Of the 200 eyes sampled, 163 (81.5%) had positive bacterial growth. From the 163 eyes, 235 bacterial strains were isolated: 116 (49.4%) Propionibacterium acnes; 58 (24.7%) coagulase-negative Staphylococcus (CNS), including 36 methicillin-sensitive CNS (MS-CNS) and 22 methicillin-resistant CNS (MR-CNS); 10 (4.3%) Staphylococcus aureus, including 6 methicillin-sensitive S aureus and 4 methicillin-resistant S aureus (MRSA); and 29 (12.3%) Corynebacterium. Approximately 40% of Staphylococci (22/58 CNS, 37.9%; 4/10 S aureus, 40.0%) were methicillin-resistant. Furthermore, 18 (81.8%) of MR-CNS and all 4 MRSA were fluoroquinolone resistant. The MICs of moxifloxacin and gatifloxacin were statistically significantly lower than those of levofloxacin for CNS and P acnes (P<.05, Kruskal-Wallis test). However, there was no statistically significant difference in the susceptibility patterns of the fluoroquinolones for these strains (P>.05, McNemar test).
Because many methicillin-resistant and fluoroquinolone-resistant strains were isolated from the conjunctiva preoperatively, clinicians should be mindful of endophthalmitis or ocular infections associated with these strains.

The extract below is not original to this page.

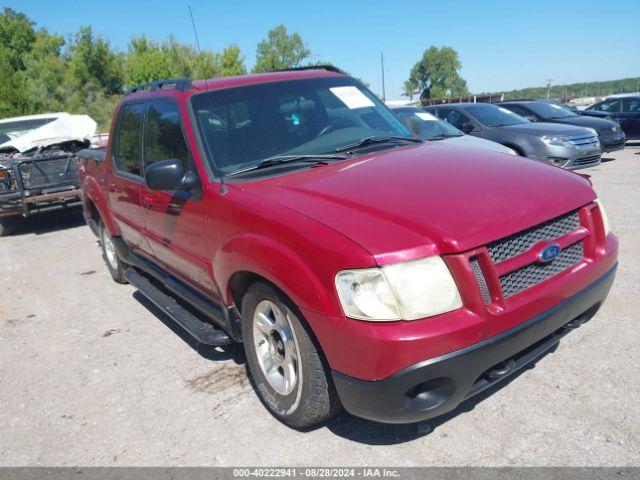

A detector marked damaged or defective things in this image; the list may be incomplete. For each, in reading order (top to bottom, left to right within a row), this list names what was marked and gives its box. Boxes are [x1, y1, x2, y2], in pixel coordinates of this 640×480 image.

damaged vehicle hood [0, 112, 97, 152]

比较3种氟喹诺酮类药物(左氧氟沙星、加替沙星和莫西沙星)对接受眼科手术患者结膜细菌的敏感性和疗效。
日本大阪的大阪大学医院和宫城的东北大学医院。
对患者的眼睛进行术前检查。从结膜拭子中进行需氧和厌氧培养。测定左氧氟沙星、加替沙星和莫西沙星对分离菌株的最低抑菌浓度(MIC)。利用MIC值,计算分离出的细菌中每种氟喹诺酮类药物的描述性统计量(中位数、MIC50、MIC90、众数和范围)、敏感性和疗效,并对数据进行统计学分析。

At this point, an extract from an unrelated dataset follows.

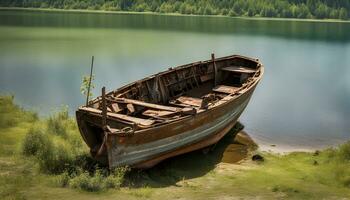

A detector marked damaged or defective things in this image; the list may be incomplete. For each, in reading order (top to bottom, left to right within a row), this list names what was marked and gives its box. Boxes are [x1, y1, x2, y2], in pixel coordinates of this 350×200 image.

rusty red hull [76, 54, 262, 168]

在采样的200只眼中,163只(81.5%)有细菌生长阳性。从这163只眼中分离出235株细菌:痤疮丙酸杆菌116株(49.4%);凝固酶阴性葡萄球菌(CNS)58株(24.7%),其中包括36株甲氧西林敏感CNS(MS-CNS)和22株甲氧西林耐药CNS(MR-CNS);金黄色葡萄球菌10株(4.3%),其中包括6株甲氧西林敏感金黄色葡萄球菌和4株甲氧西林耐药金黄色葡萄球菌(MRSA);棒状杆菌29株(12.3%)。约40%的葡萄球菌(22/58 CNS,37.9%;4/10金黄色葡萄球菌,40.0%)为甲氧西林耐药。此外,18株(81.8%)MR-CNS和所有4株MRSA对氟喹诺酮耐药。对于CNS和痤疮丙酸杆菌,莫西沙星和加替沙星的MIC在统计学上显著低于左氧氟沙星(P<0.05,Kruskal-Wallis检验)。然而,这些菌株对氟喹诺酮类药物的敏感性模式没有统计学上的显著差异(P>0.05,McNemar检验)。
由于术前从结膜中分离出许多耐甲氧西林和耐氟喹诺酮的菌株,临床医生应注意与这些菌株相关的眼内炎或眼部感染。